Ánomos y Anfíbolos, descendientes de la modernidad, son los padres fundadores del posmodernismo. De tal palo tal astilla.

 

Ánomos surgió de una ola del Maelstrom. Anfíbolos apareció junto al error, agazapado en su seno, con alas de potencia oscura. Y desde el principio era garganta de Ánomos y servidor de su numen.

Ánomos congenia con revoluciones, mutaciones, reformas y situacionismos. Su gran enemigo es el derecho natural y el orden político cristiano.

 

Anfíbolos es el gran propagador del culto a los expertos; demagogo y sofista, es especialista en introducir nuevos términos; manipulador de verdades a medias y generador de eufemismos.

Anfíbolos sabe cambiar la percepción de la realidad mediante hechizos lingüísticos, para que parezca bueno lo atroz. Es el gran legislador de lo inicuo, positivista y subjetivo.

 

Ánomos y Anfíbolos son los dos ojos con que el subjetivismo moderno escudriña la realidad, en busca de esencias para devorarlas, y que la naturaleza humana quede reducida a fantasmagoría mental, a pura axiología existencialista, a pura desustanciación.

 

Son los grandes enemigos de la clasicidad. Su vicio es apartarse de lo tradicional por sistema. Son los prestigiosos ídolos mentales de la era postmetafísica.

Uno es la desobediencia pura, la aversión a los universales, la ruptura con la regla de la tradición, el gran relativizador de la ley. Otro es la anfibología y la pixelación, el desenfoque y la demagogia.

Uno es fundamentación del ser en el mero pensar. Otro es su expresión en pura ambigüedad. Ambos son los ojos del principio de autodeterminaciónla libertad negativa convertida en exégesis.

 

Son los padres fundadores del posmodernismo, filosófico y teológico, jurídico y político, antropológico y cultural. Son los padres de todas las heterodoxias, de todas las crisis, de todas las facetas de la secularización.

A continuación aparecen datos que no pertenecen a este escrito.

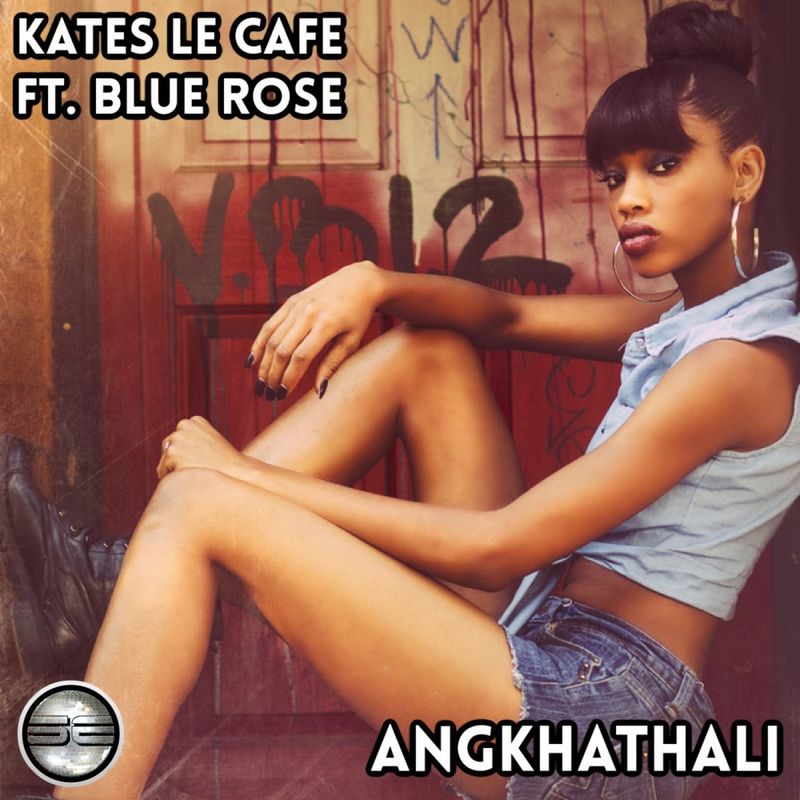 Kates Lè Cafè ft Blue Rose - Angkhathali / Soulful Evolution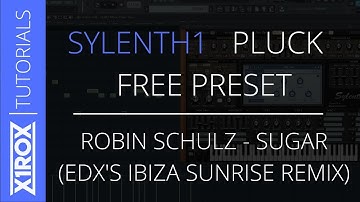 Sylenth 1 - Pluck in the style of EDX (Remix of Sugar by Robin Schulz) + Free Preset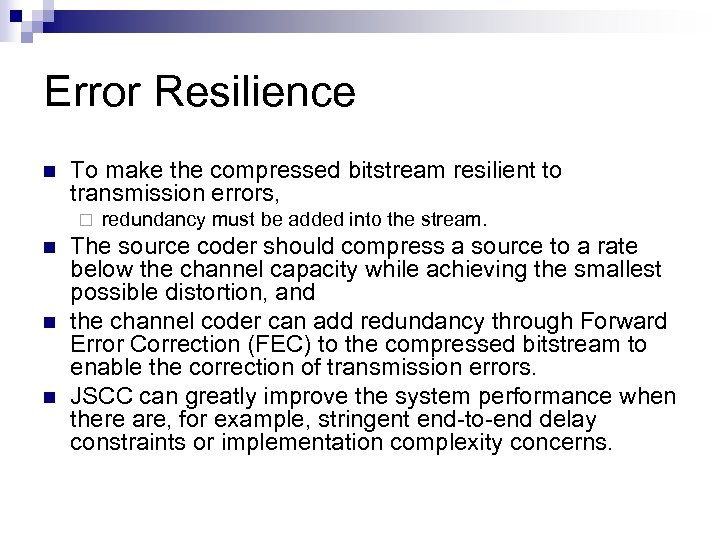 Error Resilience n To make the compressed bitstream resilient to transmission errors, ¨ n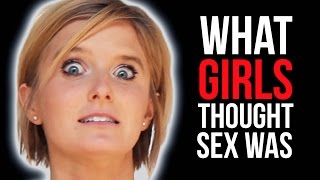 Girls' Misconceptions about Sex (When They Were Younger)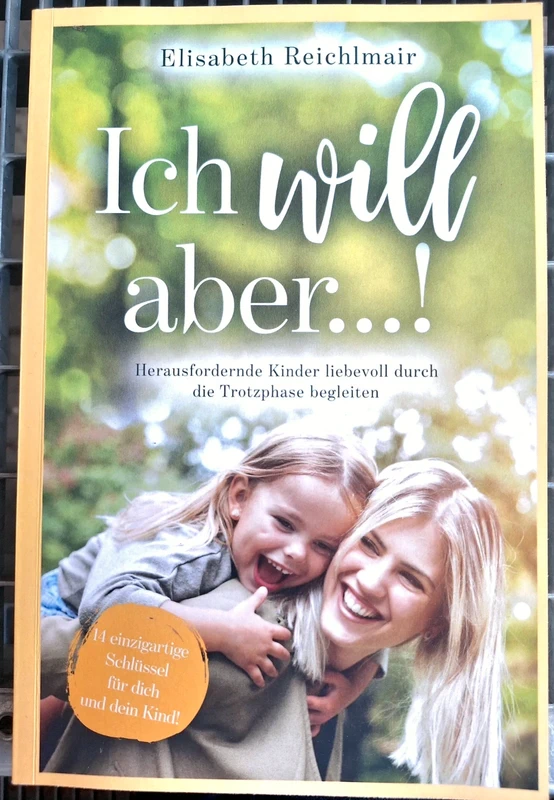 Ich will aber!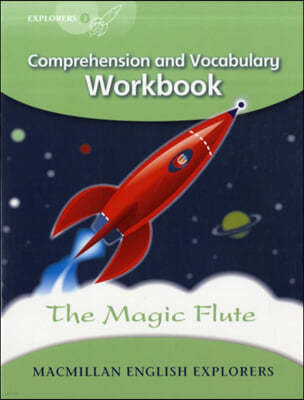 Explorers 3 : The Magic Flute (Comprehension & Vocabulary Workbook)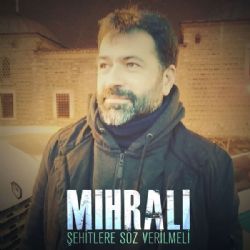 Şehitlere Söz Verilmeli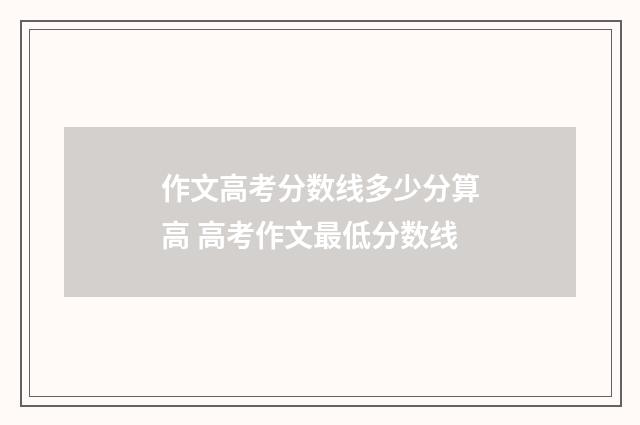 作文高考分数线多少分算高 高考作文最低分数线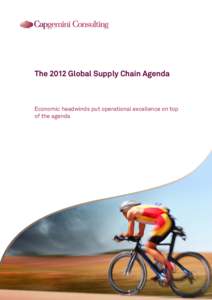 The 2012 Global Supply Chain Agenda  Economic headwinds put operational excellence on top of the agenda  The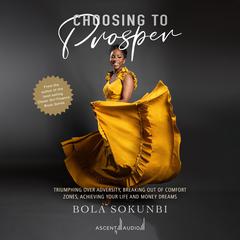 Choosing to Prosper by Bola Sokunbi audiobook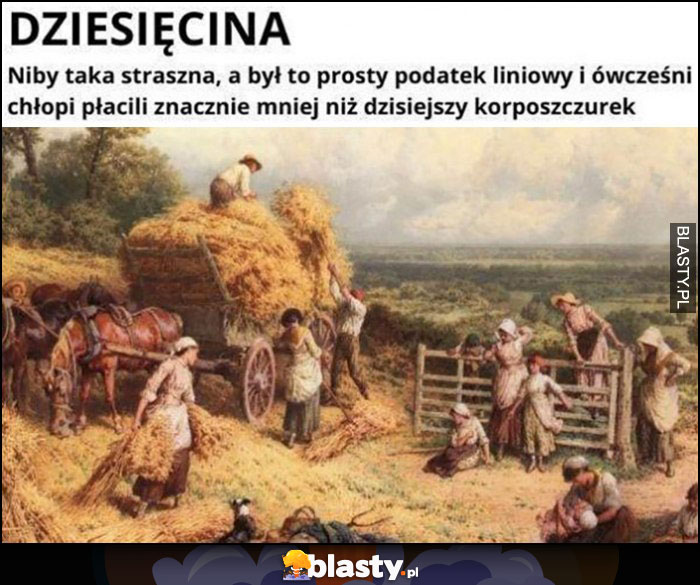 Dziesięcina niby taka straszna a był to prosty podatek liniowy i ówcześni chłopi płacili znacznie mniej niż dzisiejszy korposzczurek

Y solamente hay un remedio eficaz contra ellos: no apartarse ni un milímetro de lo propiamente católico.

 

David Glez. Alonso Gracián

 

4.02.18

(245) Libertad negativa, esencia de la modernidad

Acierta el hidalgo de Cristo al querer ser hombre de letras católicas, no mundanas, sino de recta doctrina, según el pensamiento de la Iglesia. Propio del buen cristiano es venerar el logos recibido, los saberes que ha heredado de sus antepasados, y no alterarlo con novelerías. No gusta el buen cristiano carcomerse la sesera con subjetivismos, existencialidades, fenomenologismos y nuevas voces, que mucho prestigian y dan no poca honra a los expertos, pero poco aprovechan al justo. Sabe y practica, como glosa Eugenio D´Ors, que todo lo que no es tradición es plagio.

La hidalguía le viene al cristiano de servir a su Rey, no de plagiar la modernidad, por complejo o con buena intención, pero plagiarla al fin y al cabo. Por gentilhombre, quiere servir a su Señor en todo, colaborando para que Retorne, que es grande gracia y merced. Sabe que no ha sido criado para hacer su voluntad, sino la voluntad de su Señor, y en esta tarea tan grande encuentra su misión y el único sentido de su vida. Sabe, por la razón y por la fe, —y porque sus antepasados, con hechos y palabras, así se lo han transmitido— que «no debe tomarse nada para sí, que no le fuere dado de lo Alto (Jn 3, 27)». Sabe, por tanto, como buen caballero de la fe, con el Doctor Angélico, que «Dios obra en lo más íntimo de todas las cosas» (S Th I, q105, a5).

 

No es la realeza de su Rey una realeza privada, o meramente doméstica, sino total e indivisa. Quiere el cristiano que en todo se cumpla la voluntad de su Señor, en todos los órdenes y espacios de su Reinado. Quiere el cristiano que el logos de la ley, que como un pliego de preceptos lleva inscrito en su alma, sea siempre guardado en todo; en su propia vida, en su casa, en las instituciones, en el estado, en las leyes, en toda empresa y labor que se haga, para mayor gloria de Dios.

Es en base a este sentido de la totalidad, en el servicio pleno a su Rey, que el buen hidalgo de Cristo concibe su libertad como elección teleológica del bien. Esto es, como una opción coherente con su fin último, que es su Señor. No pasa por su cabeza autodeterminarse, ni autodefinirse, ni autoengrandecerse haciendo su voluntad al margen de la de su Señor. La libertad del cristiano no es fin en sí misma, sino destello y fulgor de la realeza de su Rey, reconocimiento de su soberanía, y plenitud, anticipada, del fin último.